** Opening Data block **

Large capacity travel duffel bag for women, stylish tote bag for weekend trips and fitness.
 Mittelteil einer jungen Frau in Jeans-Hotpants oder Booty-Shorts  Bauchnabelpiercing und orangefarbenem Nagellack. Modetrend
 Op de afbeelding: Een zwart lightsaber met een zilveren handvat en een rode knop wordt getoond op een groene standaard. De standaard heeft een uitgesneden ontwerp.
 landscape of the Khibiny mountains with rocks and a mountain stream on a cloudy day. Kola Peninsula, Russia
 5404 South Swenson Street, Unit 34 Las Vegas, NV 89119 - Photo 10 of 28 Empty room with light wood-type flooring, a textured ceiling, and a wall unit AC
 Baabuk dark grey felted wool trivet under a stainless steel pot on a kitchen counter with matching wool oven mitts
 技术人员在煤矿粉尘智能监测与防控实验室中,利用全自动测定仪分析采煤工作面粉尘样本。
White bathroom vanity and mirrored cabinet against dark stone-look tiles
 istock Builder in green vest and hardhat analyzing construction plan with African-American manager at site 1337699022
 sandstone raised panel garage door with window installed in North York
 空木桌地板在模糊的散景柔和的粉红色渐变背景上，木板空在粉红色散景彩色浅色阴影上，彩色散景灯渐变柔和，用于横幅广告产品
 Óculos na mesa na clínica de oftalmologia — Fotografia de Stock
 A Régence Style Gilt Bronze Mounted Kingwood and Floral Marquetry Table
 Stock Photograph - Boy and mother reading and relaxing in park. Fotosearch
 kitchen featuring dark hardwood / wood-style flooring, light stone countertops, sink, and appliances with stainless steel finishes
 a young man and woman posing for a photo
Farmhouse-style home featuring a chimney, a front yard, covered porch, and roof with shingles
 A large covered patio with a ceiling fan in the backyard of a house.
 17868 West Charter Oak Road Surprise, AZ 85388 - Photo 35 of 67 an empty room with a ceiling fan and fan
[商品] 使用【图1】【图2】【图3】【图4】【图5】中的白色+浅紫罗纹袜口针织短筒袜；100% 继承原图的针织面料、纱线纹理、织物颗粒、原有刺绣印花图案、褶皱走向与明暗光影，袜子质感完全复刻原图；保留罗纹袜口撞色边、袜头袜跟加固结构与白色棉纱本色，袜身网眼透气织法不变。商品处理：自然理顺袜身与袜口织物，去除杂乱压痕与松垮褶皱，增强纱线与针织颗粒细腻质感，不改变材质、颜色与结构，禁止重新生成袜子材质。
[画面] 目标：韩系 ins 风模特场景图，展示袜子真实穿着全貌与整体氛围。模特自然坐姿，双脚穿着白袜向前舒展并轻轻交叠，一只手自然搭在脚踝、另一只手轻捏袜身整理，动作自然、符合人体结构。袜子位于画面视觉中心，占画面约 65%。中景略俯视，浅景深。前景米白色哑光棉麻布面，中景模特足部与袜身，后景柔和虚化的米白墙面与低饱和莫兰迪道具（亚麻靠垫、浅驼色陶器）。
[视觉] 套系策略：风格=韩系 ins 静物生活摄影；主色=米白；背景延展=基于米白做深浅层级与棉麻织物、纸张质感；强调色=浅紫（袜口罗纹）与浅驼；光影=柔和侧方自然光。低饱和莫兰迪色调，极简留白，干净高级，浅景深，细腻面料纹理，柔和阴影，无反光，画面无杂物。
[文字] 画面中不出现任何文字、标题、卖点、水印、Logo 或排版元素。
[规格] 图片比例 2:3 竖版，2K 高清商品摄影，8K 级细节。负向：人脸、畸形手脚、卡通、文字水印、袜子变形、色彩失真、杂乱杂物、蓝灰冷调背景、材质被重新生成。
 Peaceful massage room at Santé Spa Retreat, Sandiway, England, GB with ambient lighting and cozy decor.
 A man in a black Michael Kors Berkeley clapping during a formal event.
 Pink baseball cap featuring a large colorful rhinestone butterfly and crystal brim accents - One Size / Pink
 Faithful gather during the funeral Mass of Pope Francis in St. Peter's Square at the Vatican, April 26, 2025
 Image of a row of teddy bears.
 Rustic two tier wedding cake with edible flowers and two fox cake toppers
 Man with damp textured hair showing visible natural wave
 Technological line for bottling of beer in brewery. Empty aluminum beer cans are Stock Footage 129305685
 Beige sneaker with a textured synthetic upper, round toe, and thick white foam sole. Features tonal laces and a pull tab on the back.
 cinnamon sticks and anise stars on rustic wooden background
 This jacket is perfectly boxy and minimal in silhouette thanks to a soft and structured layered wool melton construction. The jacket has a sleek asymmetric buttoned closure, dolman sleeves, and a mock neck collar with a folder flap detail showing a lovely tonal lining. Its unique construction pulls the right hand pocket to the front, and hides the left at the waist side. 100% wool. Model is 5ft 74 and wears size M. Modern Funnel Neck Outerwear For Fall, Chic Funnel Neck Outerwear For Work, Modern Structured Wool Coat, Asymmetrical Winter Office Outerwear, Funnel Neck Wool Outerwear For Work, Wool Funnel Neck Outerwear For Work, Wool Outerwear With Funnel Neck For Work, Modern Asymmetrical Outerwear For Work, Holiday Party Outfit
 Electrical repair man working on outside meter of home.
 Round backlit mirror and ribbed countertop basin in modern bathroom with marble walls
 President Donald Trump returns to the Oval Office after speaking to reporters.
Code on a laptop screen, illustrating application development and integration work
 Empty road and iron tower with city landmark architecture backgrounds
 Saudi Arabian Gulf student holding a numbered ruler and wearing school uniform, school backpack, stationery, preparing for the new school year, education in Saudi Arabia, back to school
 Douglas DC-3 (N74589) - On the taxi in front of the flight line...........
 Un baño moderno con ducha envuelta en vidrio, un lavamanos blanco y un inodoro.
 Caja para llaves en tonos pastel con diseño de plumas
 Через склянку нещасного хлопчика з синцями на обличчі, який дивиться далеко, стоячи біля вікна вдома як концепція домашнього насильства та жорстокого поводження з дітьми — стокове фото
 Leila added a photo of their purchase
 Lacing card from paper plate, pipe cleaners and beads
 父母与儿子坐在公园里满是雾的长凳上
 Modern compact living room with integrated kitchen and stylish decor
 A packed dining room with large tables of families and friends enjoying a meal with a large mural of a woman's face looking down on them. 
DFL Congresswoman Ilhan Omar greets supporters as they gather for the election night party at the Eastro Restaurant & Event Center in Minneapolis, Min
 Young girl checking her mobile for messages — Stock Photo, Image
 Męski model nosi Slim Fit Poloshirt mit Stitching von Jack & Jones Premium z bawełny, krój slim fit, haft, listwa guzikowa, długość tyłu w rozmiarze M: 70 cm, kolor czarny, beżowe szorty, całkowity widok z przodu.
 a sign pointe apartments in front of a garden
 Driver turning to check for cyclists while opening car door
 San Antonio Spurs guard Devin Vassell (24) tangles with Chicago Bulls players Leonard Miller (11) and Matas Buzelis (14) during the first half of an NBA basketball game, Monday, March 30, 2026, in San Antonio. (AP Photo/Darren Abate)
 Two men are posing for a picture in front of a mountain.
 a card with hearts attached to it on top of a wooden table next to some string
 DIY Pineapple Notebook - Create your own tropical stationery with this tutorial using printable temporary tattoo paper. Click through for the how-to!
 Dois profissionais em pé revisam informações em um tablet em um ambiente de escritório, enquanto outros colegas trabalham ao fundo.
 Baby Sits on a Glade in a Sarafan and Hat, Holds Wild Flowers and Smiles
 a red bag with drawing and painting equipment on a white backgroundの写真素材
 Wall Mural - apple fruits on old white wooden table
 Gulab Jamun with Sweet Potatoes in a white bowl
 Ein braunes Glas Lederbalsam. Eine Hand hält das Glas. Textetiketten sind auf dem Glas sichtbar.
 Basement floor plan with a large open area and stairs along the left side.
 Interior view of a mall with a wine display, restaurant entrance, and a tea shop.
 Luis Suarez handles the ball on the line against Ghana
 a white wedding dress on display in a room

** Closing Data block **

#### What to do:
Each line from the start of the listing above through the line containing "17868 West Charter" must be reproduced exactly. Leave out the rest.

#### Result:
Large capacity travel duffel bag for women, stylish tote bag for weekend trips and fitness.
 Mittelteil einer jungen Frau in Jeans-Hotpants oder Booty-Shorts  Bauchnabelpiercing und orangefarbenem Nagellack. Modetrend
 Op de afbeelding: Een zwart lightsaber met een zilveren handvat en een rode knop wordt getoond op een groene standaard. De standaard heeft een uitgesneden ontwerp.
 landscape of the Khibiny mountains with rocks and a mountain stream on a cloudy day. Kola Peninsula, Russia
 5404 South Swenson Street, Unit 34 Las Vegas, NV 89119 - Photo 10 of 28 Empty room with light wood-type flooring, a textured ceiling, and a wall unit AC
 Baabuk dark grey felted wool trivet under a stainless steel pot on a kitchen counter with matching wool oven mitts
 技术人员在煤矿粉尘智能监测与防控实验室中,利用全自动测定仪分析采煤工作面粉尘样本。
White bathroom vanity and mirrored cabinet against dark stone-look tiles
 istock Builder in green vest and hardhat analyzing construction plan with African-American manager at site 1337699022
 sandstone raised panel garage door with window installed in North York
 空木桌地板在模糊的散景柔和的粉红色渐变背景上，木板空在粉红色散景彩色浅色阴影上，彩色散景灯渐变柔和，用于横幅广告产品
 Óculos na mesa na clínica de oftalmologia — Fotografia de Stock
 A Régence Style Gilt Bronze Mounted Kingwood and Floral Marquetry Table
 Stock Photograph - Boy and mother reading and relaxing in park. Fotosearch
 kitchen featuring dark hardwood / wood-style flooring, light stone countertops, sink, and appliances with stainless steel finishes
 a young man and woman posing for a photo
Farmhouse-style home featuring a chimney, a front yard, covered porch, and roof with shingles
 A large covered patio with a ceiling fan in the backyard of a house.
 17868 West Charter Oak Road Surprise, AZ 85388 - Photo 35 of 67 an empty room with a ceiling fan and fan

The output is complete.